Les recruteurs doivent changer de posture
Pour Véronique Soussan, fondatrice et dirigeante de l’agence les Nouveaux Héritiers, il est important que les recruteurs comprennent qu’il faut à tout prix changer de posture lors de l’entretien. Le recruteur ne doit plus se positionner comme un sachant. L’entretien d’embauche est avant tout une rencontre humaine qui se doit d’être authentique.

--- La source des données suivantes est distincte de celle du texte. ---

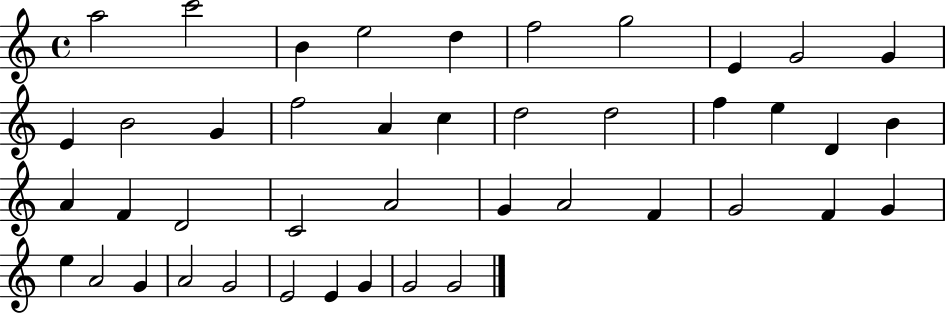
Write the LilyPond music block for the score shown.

{
  \clef treble
  \time 4/4
  \defaultTimeSignature
  \key c \major
  a''2 c'''2 | b'4 e''2 d''4 | f''2 g''2 | e'4 g'2 g'4 | \break e'4 b'2 g'4 | f''2 a'4 c''4 | d''2 d''2 | f''4 e''4 d'4 b'4 | \break a'4 f'4 d'2 | c'2 a'2 | g'4 a'2 f'4 | g'2 f'4 g'4 | \break e''4 a'2 g'4 | a'2 g'2 | e'2 e'4 g'4 | g'2 g'2 | \break \bar "|."
}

L’entretien donne une chance au recruteur de mieux comprendre la manière de fonctionner du futur employé.
“Plus que la posture du recruteur en entretien, le processus entier de recrutement doit évoluer.”
Véronique Soussan, Fondatrice et dirigeante de l’agence les Nouveaux Héritiers
Et la mobilité interne ?
Afin de fidéliser leurs talents au sein de leur organisation, Stéphanie Baldran Masson, RRH de la DSI de la Banque Postale et Laurie du Boullay, Head of culture chez Dataiku proposent une mobilité interne drastique.

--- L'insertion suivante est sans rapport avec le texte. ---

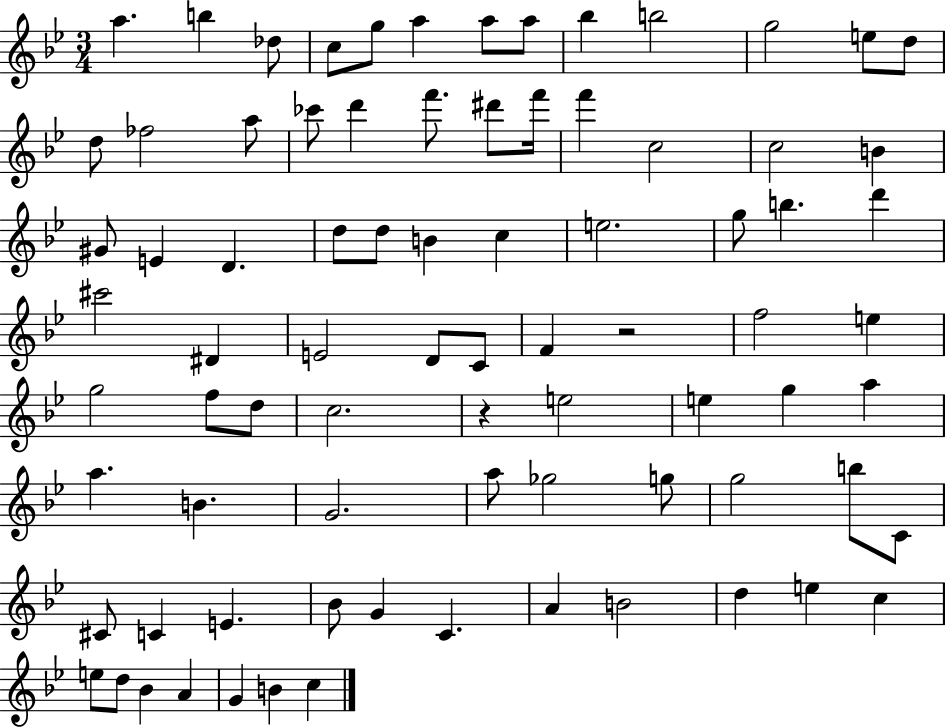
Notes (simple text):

A5/q. B5/q Db5/e C5/e G5/e A5/q A5/e A5/e Bb5/q B5/h G5/h E5/e D5/e D5/e FES5/h A5/e CES6/e D6/q F6/e. D#6/e F6/s F6/q C5/h C5/h B4/q G#4/e E4/q D4/q. D5/e D5/e B4/q C5/q E5/h. G5/e B5/q. D6/q C#6/h D#4/q E4/h D4/e C4/e F4/q R/h F5/h E5/q G5/h F5/e D5/e C5/h. R/q E5/h E5/q G5/q A5/q A5/q. B4/q. G4/h. A5/e Gb5/h G5/e G5/h B5/e C4/e C#4/e C4/q E4/q. Bb4/e G4/q C4/q. A4/q B4/h D5/q E5/q C5/q E5/e D5/e Bb4/q A4/q G4/q B4/q C5/q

La Banque Postale a notamment proposé à ses facteurs ayant des appétences dans le domaine de l’informatique de suivre des formations afin de devenir développeur.
“La mobilité interne drastique est possible si vous l’avez mis en place dès le début. Elle permet au collaborateur de changer de poste tout en gardant son cadre de travail.”
Laurie du Boullay, Head of culture chez Dataiku
Stéphanie Baldran Masson souligne tout de même qu’il reste un travail à faire sur la ligne managériale. Les managers doivent comprendre que :
“Le collaborateur ne leur appartient pas mais à eux de le faire évoluer et grandir“
Les entreprises payent t-elles un défaut de marque employeur ?
Toutes les entreprises sont sur les mêmes supports digitaux : LinkedIn, Welcome to the Jungle, Glassdoor, …. et se réclament toutes porte parole des sujets de QVCT, de RSE ou encore de Diversité. Pourtant la plupart n’ont pas réellement d’identité.
Avant de communiquer sur sa marque employeur il est nécessaire de suivre ses étapes :
- Savoir qui on est : se questionner sur sa raison d’être / quelles sont les valeurs de l’entreprise.
- Être sur les plateformes qui pourraient parler de votre entreprise et être à l’écoute de celle-ci.
- Trouver votre différence : ce qui vous rend unique auprès des candidats.
Ne négligez pas la communauté interne, ils sont vos meilleurs ambassadeurs.
“Nos meilleurs représentants sont nos collaborateurs. “
Vigdis Flaten, Chief People & CSR officer Younited
Il existe encore un décalage entre les écoles qui forment les futurs professionnels de ressources humaines et les réalités du terrain. Le monde de l’entreprise évolue aussi vite que les métiers, la fonction des ressources humaines se doit d’accompagner cette transformation. La fonction des ressources humaines ne doit plus être vue comme une option mais plutôt comme une fonction stratégique.